As I said before, for each of these moral categories, here are the possibilites with respect to rape:
(1) It's not like what I'm saying about slavery and doesn't admit of degrees.
(2) It admits of degrees but not in the same way that I'm saying slavery does.
(3) It is like slavery in its admitting of degrees.
In the case of rape, I think (3) fits best. Rape is generally defined as nonconsensual sex. This leaves two ways for rape to admit of degrees. Whether something counts as sex seems to admit of degrees, and whether something is consensual also seems to admit of degrees.

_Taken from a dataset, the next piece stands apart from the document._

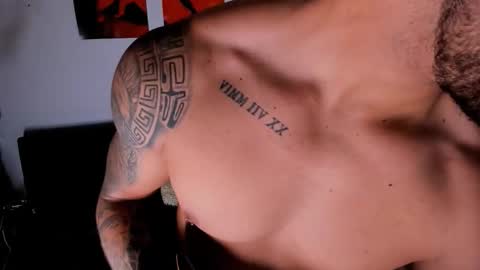 Snapshot of maximo004 chatting on 10-13-25, 02:17 Maximo online show from 10-13-25, 02:17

I've discussed coercion and consent at length with respect to abortion here (and a little bit in this followup post more recently). Something similar goes on with consent in general, as I said in arguing that for this phenomenon with respect to abortion. It's not just that consent is hard to determine, though that's part of it. If I don't know if someone consents to something that morally requires consent, perhaps I should refrain from doing it. But what if I have good reason to think the person consented, but they didn't? Or what if I think I have good reason to think the person consent, but I don't really have good reason? Those are epistemic gradations in my status with respect to the person's consent, and those might make a moral difference.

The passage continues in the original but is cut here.